6 years, 2 months ago - 28 August 2018, Autoblog
Boeing, Airbus, Uber join Japanese consortium to develop flying cars
Country wants to lead the way in flying car regulation and legislation

Bloomberg reports that the Japanese government wants to take a defining role in the future of flying cars, specifically the areas of legislation and regulation. To do that, government ministries assembled a group of 21 public and private entities into a consortium, including Uber, Boeing, Airbus, Japan Airlines, ANA Holdings, Yamato Holdings (Japan's largest delivery service), and Toyota-backed startup Cartivator, which wants to have its SkyDrive flying car ready for the 2020 Tokyo Summer Olympics. Japan would like to have a scaled-up flying car ready within the next decade, so the consortium will meet Aug. 29 to begin laying out a path to success.

The report lays out several reasons for the country's long-range intentions. The government allegedly feels the country's fallen behind when it comes to electric self-driving vehicles, so it wants to "facilitate legislation and infrastructure to help gain leadership" as a model for other countries. More practical concerns include flying cars being able to lessen Japan's mythic traffic congestion, and in light of the country's mountainous island terrain, flying vehicles would improve disaster and evacuation efforts as well as boost tourism.

At least three billion-dollar corporations involved in the Japan effort are separately working on flying cars — Uber, Boeing, and Airbus — and this is Uber's third international foray on the matter. The San Francisco-based company has just begun working with the U.S. Army on a military aircraft that will certainly employ flying car technology, and it's invested $23 million into a flying car hub in Paris that hopes to commence air taxi service by 2023 (to go along with air service in Dallas by 2020, and NASA-assisted flying taxis in Los Angeles by 2028).
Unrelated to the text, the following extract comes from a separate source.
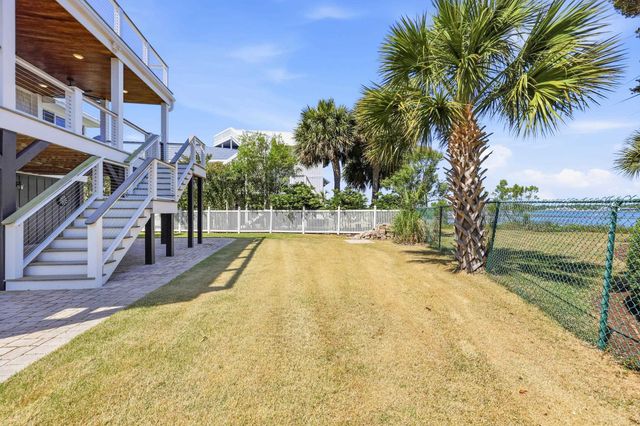 1607 Dolphin St., Garden City Beach, SC 29576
Uber even has ties to other companies in the group: Boeing bought Aurora Flight Services, a Virginia-based company that's been working with Uber on a flying car. The people paying to make it happen aren't shy about it, either, with Boeing CEO Dennis Muilenburg saying, "I think it will happen faster than any of us understand." In case internal efforts don't pan out, the aerospace company is hedging its bets: Last year Boeing sponsored the $2M Go Fly Prize, a global competition to create a "an easy-to-use, personal flying device."